Where is the most remote place on earth you have been? No cell reception, no good food, no Starbucks? No, not the Aswan High Dam, but the Northwest Passage Scenic Byway All American Road -- what a mouthful! This is Nez Perce (Lewis and Clark) country. The drive was along the Clearwater River was some of the most spectacular scenery I’ve seen in the Lower 48.
Best part: no one is here. Idaho is empty. You can come during high season and you won’t feel crowded. You are off the beaten path, my friend. This area of the country is difficult to get to so you really have to enjoy road trips. I’ve been on many myself and no exagerration, aside from my children arguing in the back seat, this was one of the most enjoyable. I’ve been on the 17 Mile Road in Carmel and truthfully, this drive, on Highway 12, which follows the Clearwater River, is so much more enjoyable because it’s neither too windy nor too steep.
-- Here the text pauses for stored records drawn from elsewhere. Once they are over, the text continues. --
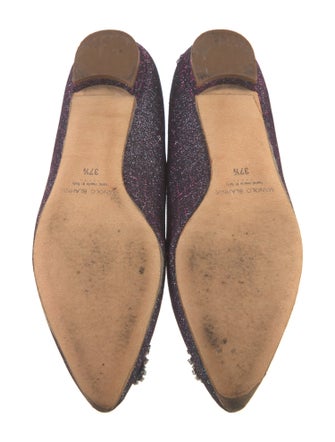 Manolo Blahnik Glitter Glitter Accents Flats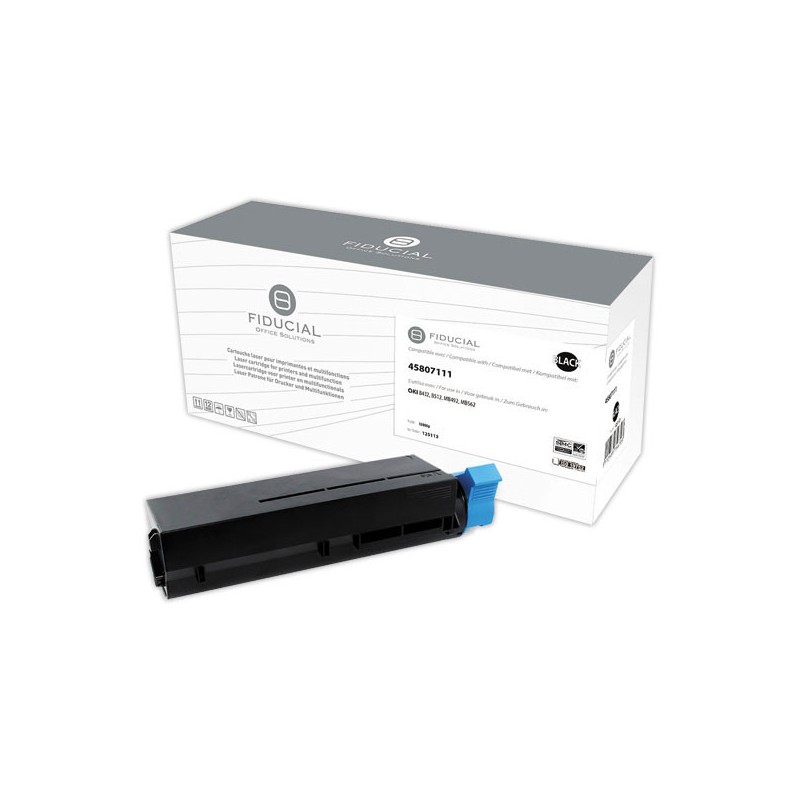 Toner FIDUCIAL équiv. OKI 45807111 noir  - Fiducial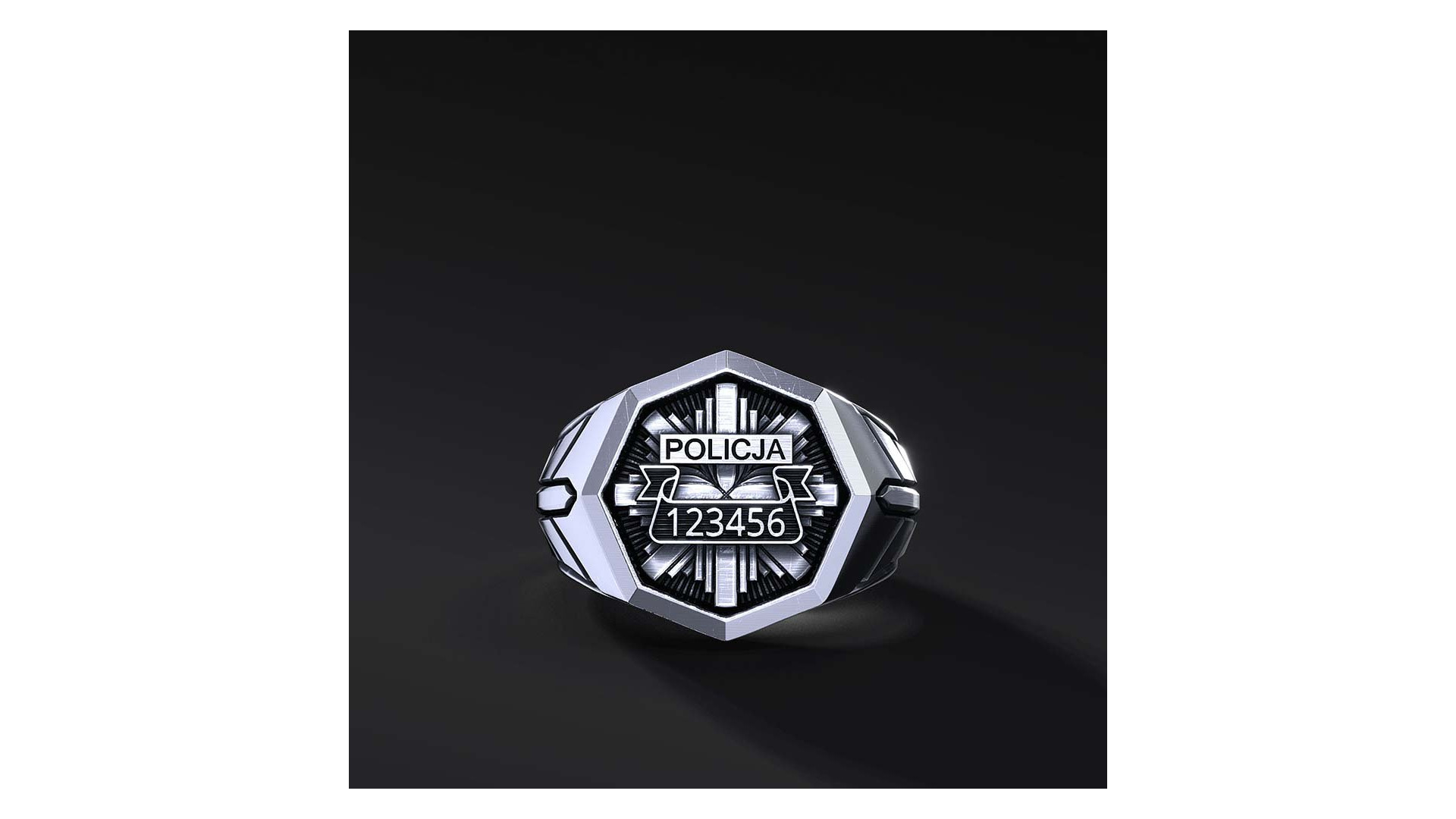 Sygnet HTL Policja "Octagon Monolit" | Enigma Jubiler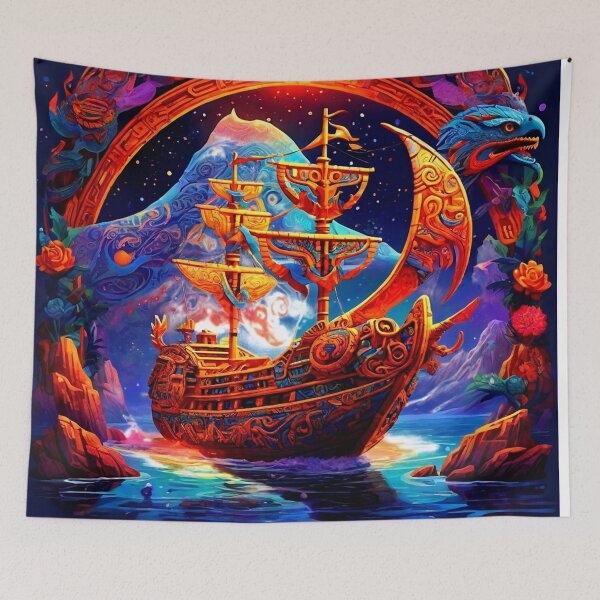 Item preview,  Aztec Galleon.  Aztec Galleon designed and sold by SpectrumEssence.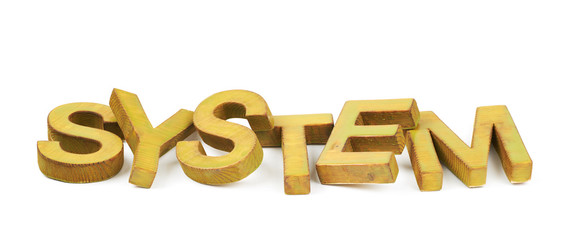 Word made of wooden letters isolated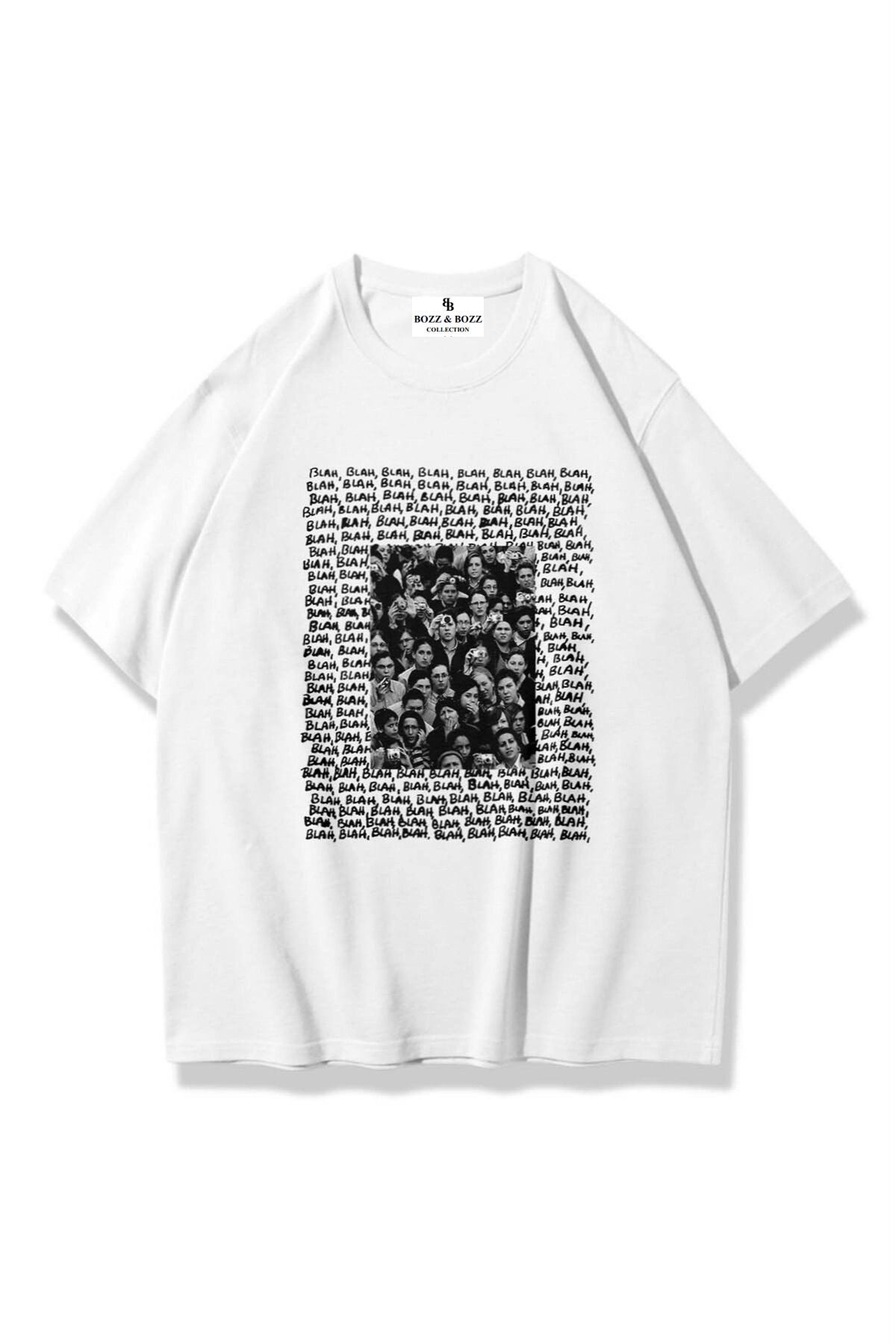 Bozz&Bozz Collection Unisex Oversize Blah Blah Blah T-shirt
You will develop an appreciation of how difficult Lewis and Clark had it because the area has hardly been developed since that time. Sure, there’s a road and a few people floating down the river, but not much else between the remote and tiny towns.
The NCITA (North Central Idaho Travel Association) has audio tours that you can download to your MP3 player to listen to while you’re on the road.
We drove from White Bird, Idaho and ended up in Clarkston, WA, which is just across the Snake River from Lewiston, ID. With all of our stops, it took about 4 hours -- about 100 miles. It was a Sunday, so not much was open, although we did go to the Dworshak Fish Hatchery and take a parking lot tour of the correctional facility -- prison -- in Orofino. That was the part where we gave our kids a lecture for not listening to us, telling (begging) them not to argue.
Please remember that this is Idaho and not Italy: that means that the food is... not so great. We went to a supermarket and bought food for a picnic along the Clearwater River. So lovely and I'm sure the food was better than any diner we passed. (That said, please let me know if I'm wrong -- we did eat in restaurants a bit on this trip.)
In Clarkston, WA (just across the river from Lewiston, ID), we stayed at the Quality Inn and Suites on the Snake River and although it was not nearly as eccentric as our B&B stayin White Bird, it fit our needs:
For dinner, we ate at Rooster’s Waterfront Restaurant, walking distance from the hotel.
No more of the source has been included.